140528-N-PO203-078 ARLINGTON, Va. (May. 28, 2014) Kurt Yankaskas, a program manager at the Office of Naval Research (ONR), talks with students at Thomas Jefferson High School for Science and Technology about the International Submarine Races (ISR). ISR is a unique international engineering design competition that inspires high school and college-age students of the various engineering disciplines to pursue careers in science, technology, engineering and mathematics (STEM). (U.S. Navy photo by John F. Williams/Released)

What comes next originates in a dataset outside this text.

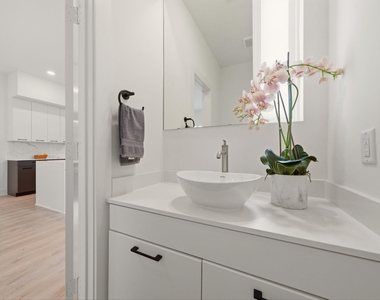 1512 Barbee Street - Photo Thumbnail 17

Virginia earned the top rating – “Meets Requirements”– for the 11th consecutive year on a federal report card looking at outcomes for students with disabilities.

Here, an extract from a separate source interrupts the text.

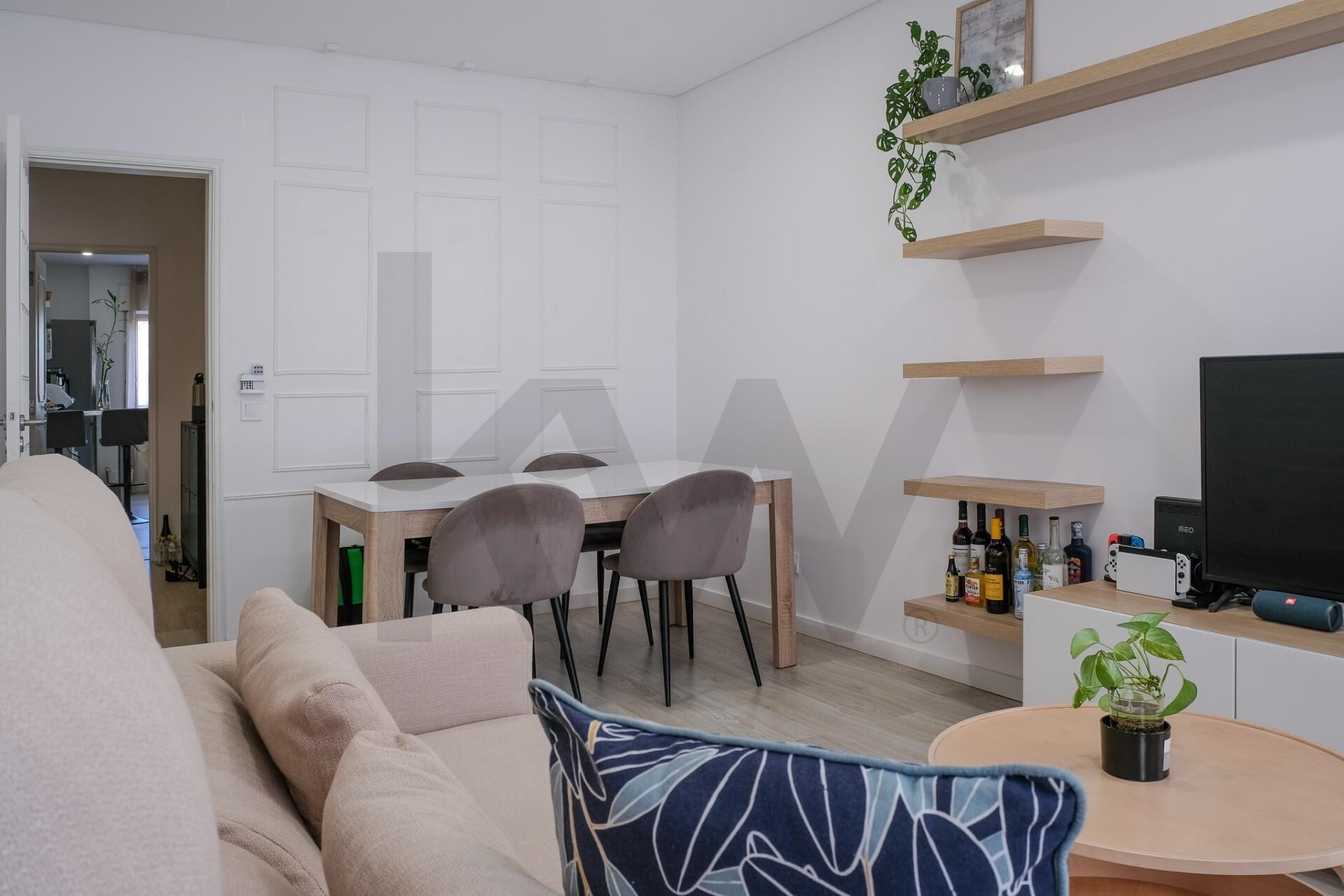 Apartamento T2 à Venda em Setúbal - Portugal - 2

“Results-driven accountability looks beyond compliance with the provisions of IDEA [Individuals with Disabilities Education Act] to see whether the efforts of special educators at the state and local levels are actually improving outcomes for students with disabilities. This latest federal rating shows that Virginia’s special educators continue to do just that,” Superintendent of Public Instruction Jillian Balow said in a Virginia Department of Education [VDOE] press release. “I think every school in the Commonwealth can take a page from the special education playbook by providing individualized instruction plans and tailored interventions for all students.”

According to a federal press release, each state reports its state systemic performance plan and annual performance report, focused on how that state implements IDEA requirements. The federal Office of Special Education and Rehabilitation Services (OSERS) then determines if the state meets the requirements, or if assistance, intervention, or substantial intervention is required.

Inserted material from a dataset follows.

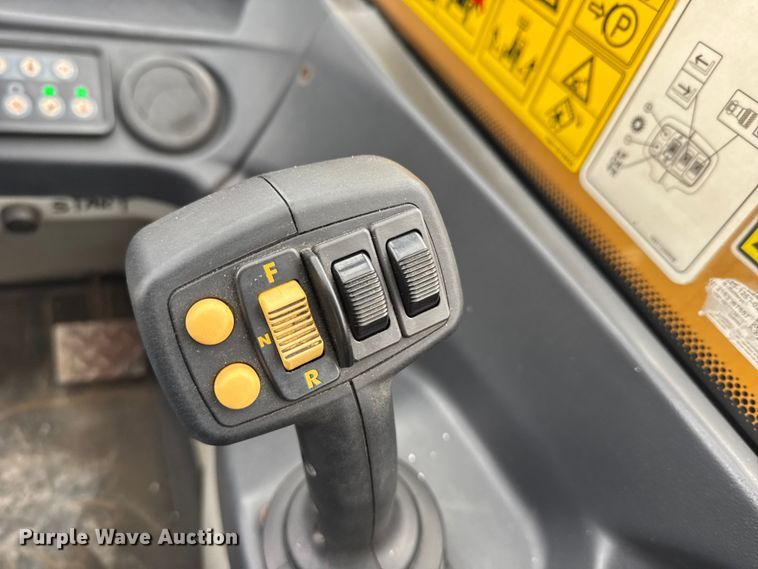 image for item FB0504 2014 Caterpillar TH407C telehandler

“OSEP’s [Office of Special Education Programs] accountability framework, called Results Driven Accountability (RDA), brings into focus the educational results and functional outcomes for children with disabilities while balancing those results with the compliance requirements of IDEA. Protecting the rights of children with disabilities and their families is a key responsibility of State educational agencies (SEAs) and local educational agencies (LEAs) for Part B, and State Lead Agencies and early intervention service programs and providers for Part C, but it is not sufficient if children are not attaining the knowledge and skills necessary to accomplish the ideals of IDEA: equality of opportunity, full participation, independent living, and economic self-sufficiency,” a June announcement states.

OSERS hasn’t yet published the 2022 letters to the Virginia Department of Behavioral Health and Developmental Services commissioner or the superintendent of public instruction, but has reported that Virginia meets IDEA requirements under Parts B and C.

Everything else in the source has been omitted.